I admit it now because younger women are profoundly threatened, and I feel it is up to people my age, people who have been blessed and are now on the safe side of fertility, to fight even harder. Easy enough to be young and to fight for what you might lose, for what you might desperately need, for what you should have; easy enough to sit back and relax because it’s not “your” fight, because you’re not the one endangered.
At a guess, more than half the adult women I know between, say, 30–50, have had at least one abortion. A similar number of men in that age range have gone through the experience with a woman who was important to them. I don’t have to bang a drum here. I don’t have to explain why. Most of the time, I haven’t even asked why. These aren’t stories we’re happy to tell. These aren’t stories we’re comfortable with. They’re dark moments in our lives, but we know that we were saved from the true darkness of no legal options.

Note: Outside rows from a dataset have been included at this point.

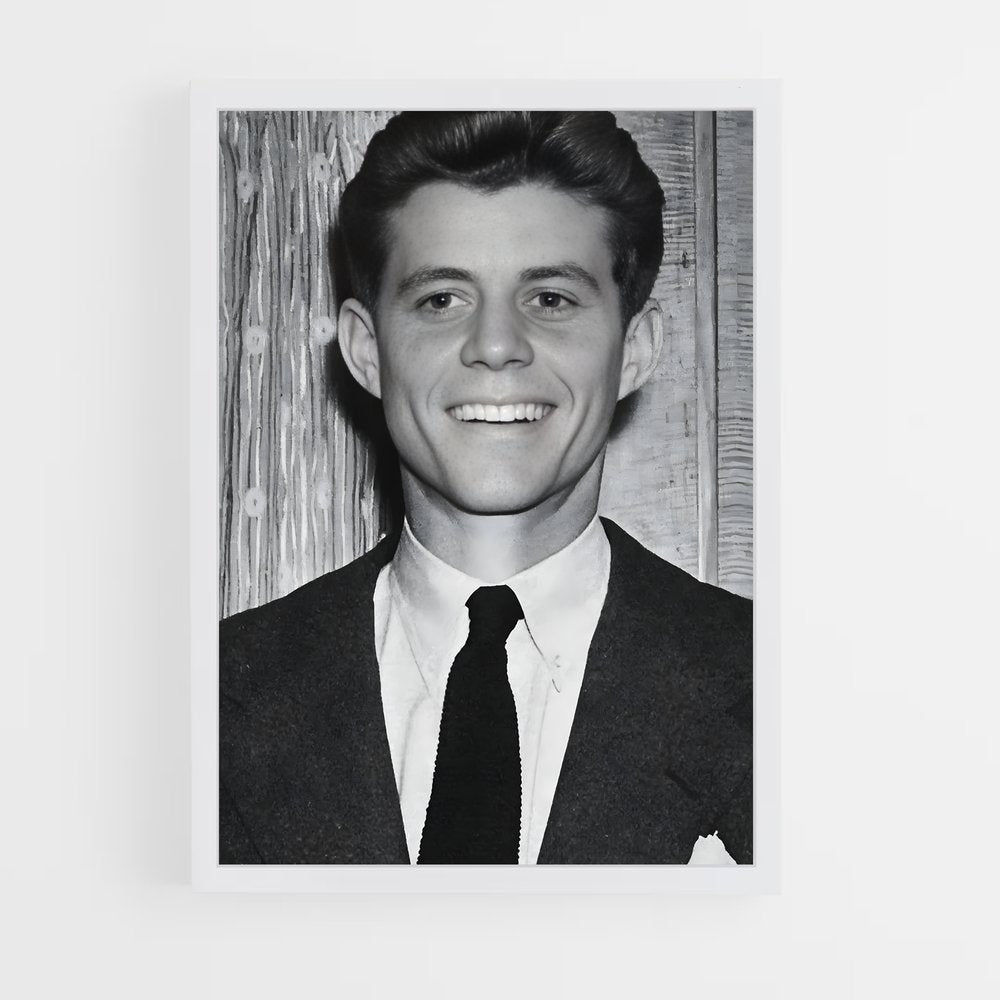 ap-john f kennedy-2 cadre Blanc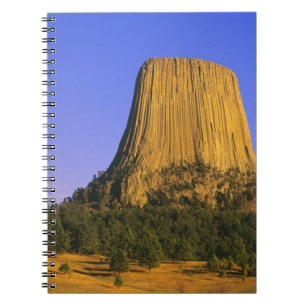 Nationaldenkmal von Devils Tower in Wyoming Notizblock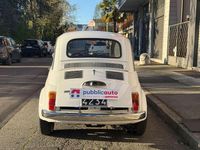 Usata Fiat 500 18 CV (13 kW) 1973 Bianco Utilitaria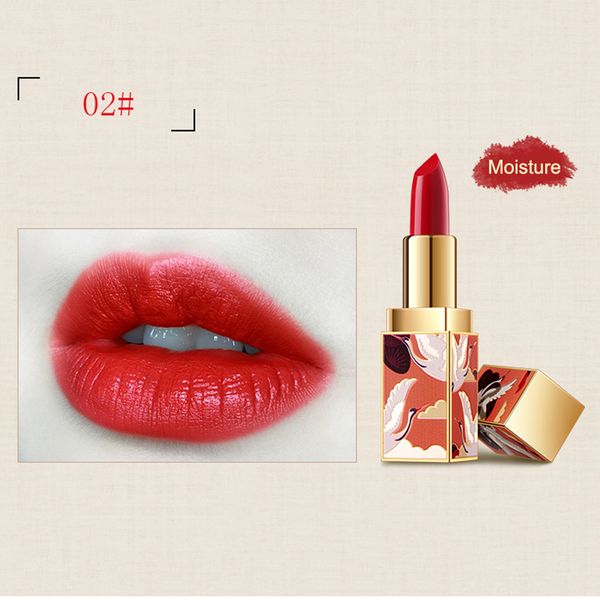 

women lipstick waterproof long-lasting matte moisturizing lip stick ladies cosmetics 669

So it’s time for those of us who are “safe” to stand up for our sisters and daughters. To be brave. To make admissions that others will hate to hear, that others will try to shame us with. It’s time to say, I will not let the lives of these younger women be made infinitely worse than my own. I will not take my privilege for granted. I will not walk away from the mothers and grandmothers before me who fought for these rights.
It’s wrong, it’s just wrong, that there’s this select group of women who have had this freedom, and who can opt out of the struggle. Just because we can doesn’t mean we should.